Experiment 3: conjunction

In Experiment 3, each memory item included both an orientation and a color and was the same shape and size as items in Experiment 2. Both features were independently sampled without replacement from the same color and orientation values used in Experiments 1 and 2 (Fig. 1c). The placeholders were the luminance-matched gray from Experiment 1. In change trials, only one attribute (color or orientation) changed, with color and orientation changes occurring equally often.

EEG acquisition

We recorded EEG activity from 30 active Ag/AgCl electrodes mounted in an elastic cap (Brain Products actiCHamp, Munich, Germany). We recorded from international 10-20 sites Fp1, Fp2, F7, F3, Fz, F4, F8, FT9, FC5, FC1, FC2, FC6, FT10, T7, C3, Cz, C4, T8, CP5, CP1, CP2, CP6, P7, P3, Pz, P4, P8, O1, Oz, and O2. Two additional electrodes were affixed with stickers to the left and right mastoids, and a ground electrode was placed in the elastic cap at position Fpz. All sites were recorded with a right-mastoid reference and were re-referenced off-line to the algebraic average of the left and right mastoids. We recorded electrooculogram (EOG) data using passive electrodes, with a ground electrode placed on the left cheek. Horizontal EOG data were recorded from a bipolar pair of electrodes placed ~1 cm from the external canthus of each eye. Vertical EOG data were recorded from a bipolar pair of electrodes placed above and below the right eye. Data were filtered on-line (low cut-off = 0.01 Hz, high cut-off = 80 Hz, slope from low to high cut-off = 12 dB/octave) and were digitized at 500 Hz using BrainVision Recorder (Brain Products, Munich, Germany) running on a PC. Impedance values were brought below 10 kΩ at the beginning of the session.

Eye tracking

We monitored gaze position using a desk-mounted EyeLink 1000 Plus infrared eye-tracking camera (SR Research, Ontario, Canada). Gaze position was sampled at 1000 Hz. According to the manufacturer, this system provides spatial resolution of .01° of visual angle and average accuracy of 0.25 to 0.50° of visual angle. We calibrated the eye tracker every one to two blocks of the task and between trials during the blocks if necessary. We drift-corrected the eye-tracking data for each trial by subtracting the mean gaze position measured during a 200-ms window immediately before the onset of the memory array.

Artifact rejection

We segmented the EEG data into epochs time-locked to the onset of the memory array (200 ms before until 1,000 ms after stimulus onset). We baseline-corrected the EEG data by subtracting mean voltage during the 200-ms window immediately prior to stimulus onset. Eye movements, blinks, blocking, drift, and muscle artifacts were first detected by applying automatic criteria. After automatic detection, we visually inspected the segmented EEG data for artifacts (amplifier saturation, excessive muscle noise, and skin potentials) and the eye-tracking data for ocular artifacts (blinks, eye movements, and deviations in eye position from fixation), and we discarded any epochs contaminated by artifacts. In all three experiments, all subjects included in the final sample had at least 200 trials of each set-size condition (800 trials total).

Eye movements

For eye-tracking data, we rejected trials that contained eye movements beyond a certain threshold (threshold = 1° of visual angle). For some subjects, eye-tracking data were not available (Experiment 1, n = 2; Experiment 2, n = 3). In these cases, EOG data were used. We rejected trials that contained horizontal or vertical EOG values beyond a threshold of 50 µV.

Blinks

In addition to the threshold detection, blinks were detected by flagging trials with flatline data (no position data were recorded when the eye was closed). Additionally, we visually inspected the eye-tracking data for trial segments with missing data points.

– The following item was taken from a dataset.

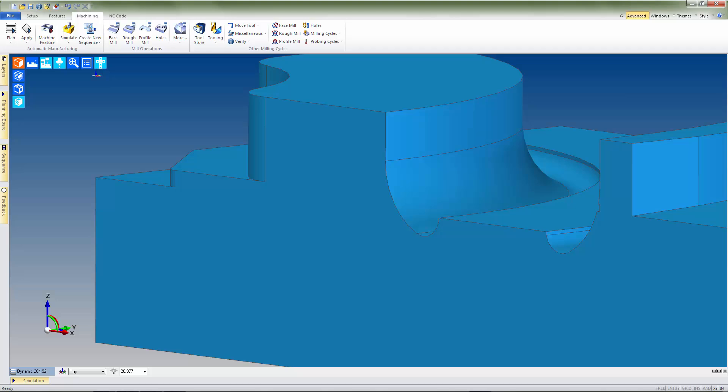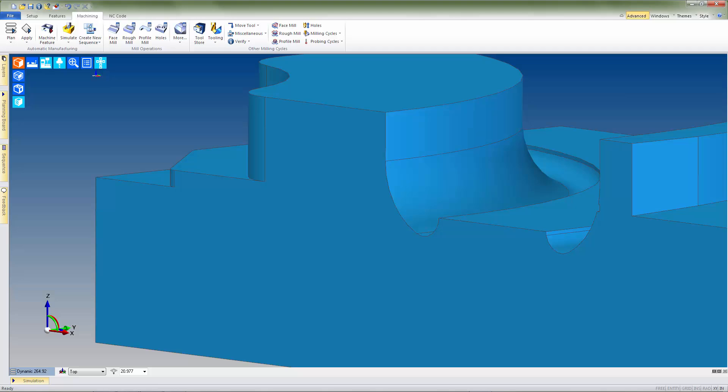If we take a look at the current model, we can see that the curved channel feature contains both a vertical wall as well as contoured fillet surfaces down at the base. Features such as this can be effectively finished machined with a simple profile mill operation by using the cusp height value in conjunction with the cut increment.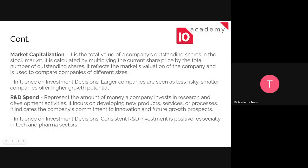Research and development spend shows the amount of money a company is willing to invest in R&D activities for their products and services. It indicates that the company is developing a new product, service, or process, showing their commitment to innovation and future growth prospects. Consistent R&D investment is always positive, especially for the tech and pharmaceutical sectors.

Drift, muscle artifacts, and blocking

We checked for drift (e.g., skin potentials) with the pop_rejtrend function in ERPLAB. We excluded trials in which a line fitted to the EEG data had a slope greater than a certain threshold (slope = 10, minimal r² = .3). We checked for muscle artifacts with the pop_artmwppth function in ERPLAB (Lopez-Calderon & Luck, 2014). We excluded trials with peak-to-peak activity greater than 100 µV within a 200-ms window with 100-ms steps. We also excluded trials with any value beyond a threshold of 80 µV.

mvLoad procedure

Binned trial classification (within subjects and within experiments)

The mvLoad analysis is within-subjects classification of WM load on baselined EEG. Although our approach allowed robust above-chance performance with single trials, we used randomly chosen groups of 20 trials within each set size to increase signal-to-noise ratio. We divided each trial into 50-ms windows with 25-ms steps and calculated the average voltage for each electrode in the window. Classification was performed using an ordinal logistic regression model (Pedregosa-Izquierdo, 2015). The classifier was trained to discriminate between Load Conditions 1, 2, 3, and 4, giving a chance-level classification of 25%. Classification was tested on a held-out set of data using the StratifiedShuffleSplit function from Scikit-Learn (Pedregosa et al., 2011). This cross-validation procedure splits the data in 80% training and 20% testing sets while preserving the percentage of samples for each load condition. This split was repeated 1,000 times, and results for each subject and time point were averaged across these repetitions. Training data were standardized at each time point using the StandardScaler Scikit-Learn function, and test data were standardized using the mean and standard deviation of the training set.

Binned trial classification (within subjects and across experiments)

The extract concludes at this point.